Description of the task:
Transcribe exactly the lines from the first line of the records through the line containing "for-68X30CM Large Floor-standing", and leave out every picture.
=== Data records ===
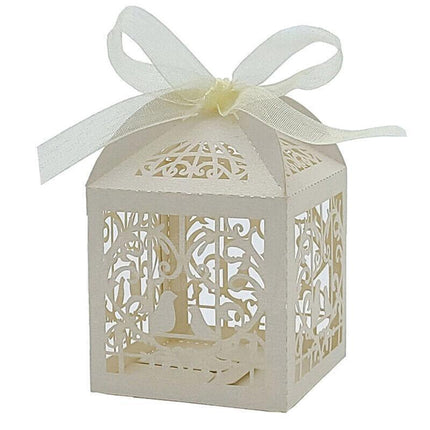 10PCS Wedding Laser Cut Candy Box Party Gift Box Favor Bomboniere Candy AU STOCK - Aimall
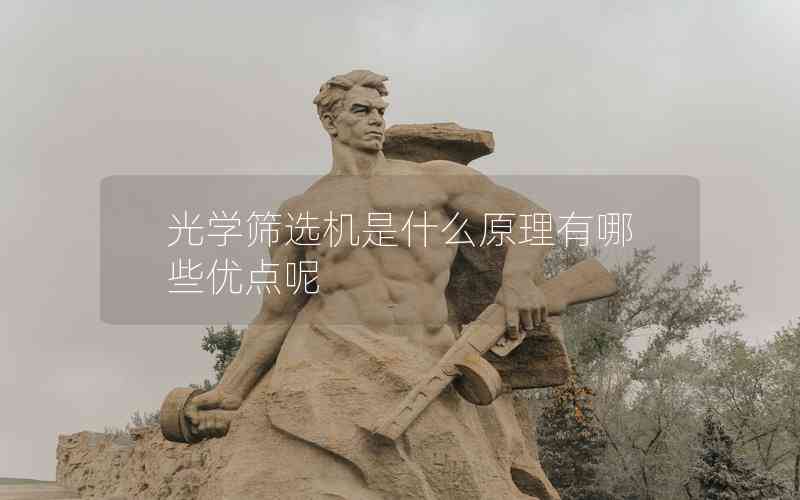 光學篩選機是什么原理有哪些優(yōu)點呢 光學篩選機是什么原理有哪些優(yōu)點呢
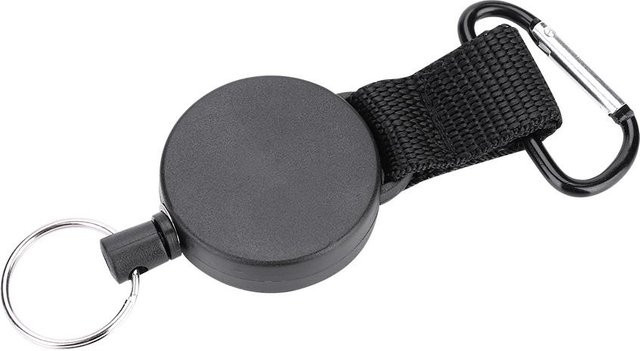 Wosawe Schlüsselanhänger Edelstahl Drahtseil, 60 cm, Unisex, black - Bild 1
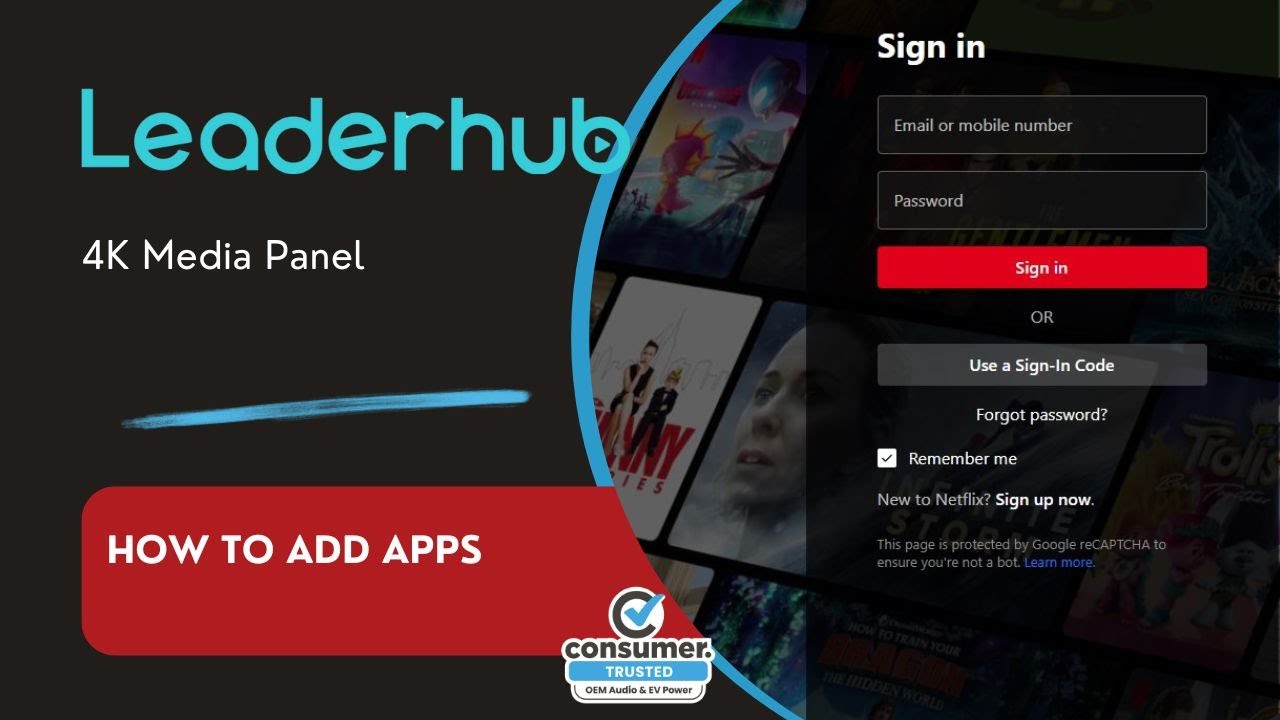 How To | Add Online Streaming Apps to the Leaderhub 4K Media Panel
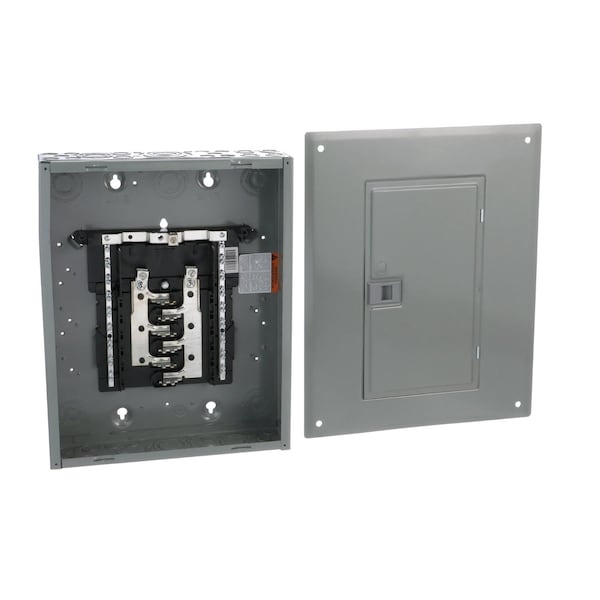 Square D Load Center, HOM, 12 Spaces, 125A, 120/240V AC, PoN Convertible Main Lug, 1 Phase - HOM1224L125PGCVP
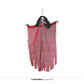 Red doll hanging decoration 60cm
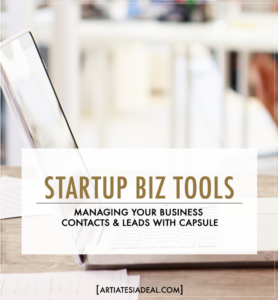 Startup Business Tools: Managing your Business Contacts and Leads with Capsule | ArtiatesiaDeal.com
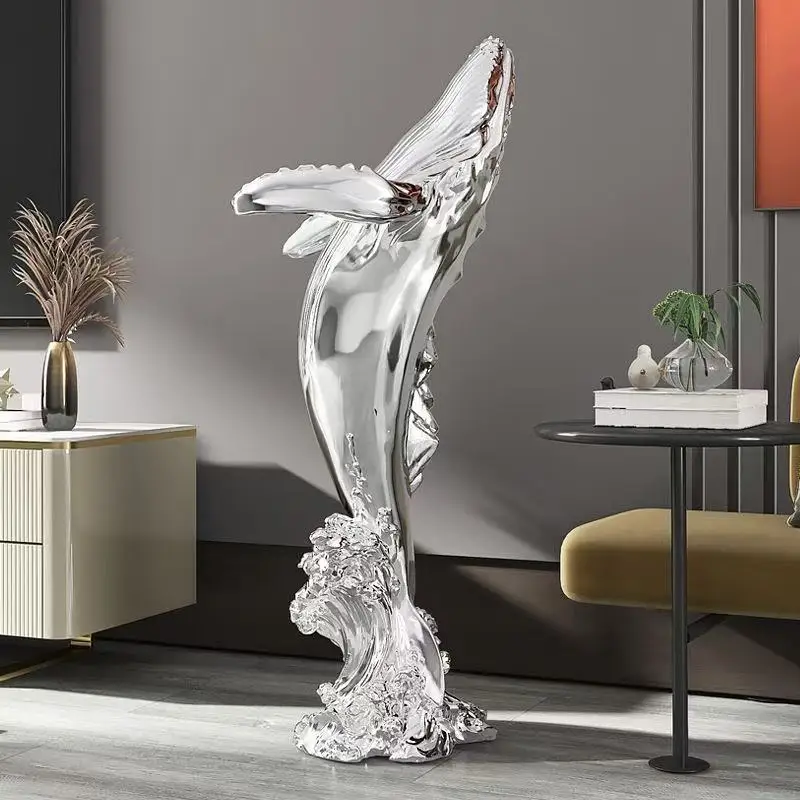 for-68X30CM Large Floor-standing Decorative Items in the Living Room Create a Light Luxury and High-end Home Decoration）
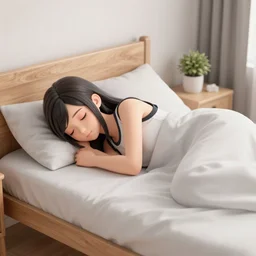 daz 3 d cloud and tifa sleep on a bed in a cozy room - poster by wlop, kiyohara tama, krenz cushart, masamune shirow, makoto shinkai, yanjun cheng. featured on pixiv, ghilbi studio, anime aesthetic, cold tones, artstation, vanitas, official art, gothic dark noise film photo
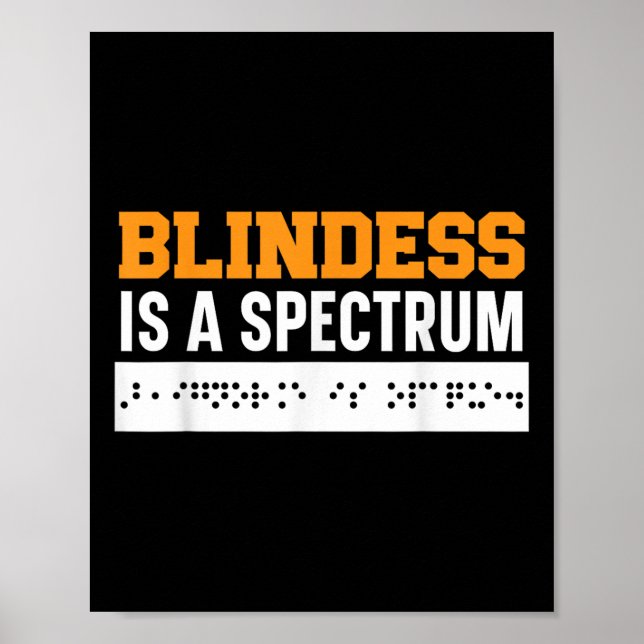 Blindhet är en medvetenhet om Blinden i spektrum b Poster (Framsidan)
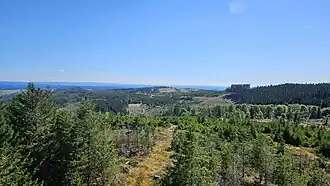 Radenstein von der Ziegenhelle fotografiert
===
Response area:
 10PCS Wedding Laser Cut Candy Box Party Gift Box Favor Bomboniere Candy AU STOCK - Aimall
 光學篩選機是什么原理有哪些優(yōu)點呢 光學篩選機是什么原理有哪些優(yōu)點呢
 Wosawe Schlüsselanhänger Edelstahl Drahtseil, 60 cm, Unisex, black - Bild 1
 How To | Add Online Streaming Apps to the Leaderhub 4K Media Panel
 Square D Load Center, HOM, 12 Spaces, 125A, 120/240V AC, PoN Convertible Main Lug, 1 Phase - HOM1224L125PGCVP
 Red doll hanging decoration 60cm
 Startup Business Tools: Managing your Business Contacts and Leads with Capsule | ArtiatesiaDeal.com
 for-68X30CM Large Floor-standing Decorative Items in the Living Room Create a Light Luxury and High-end Home Decoration）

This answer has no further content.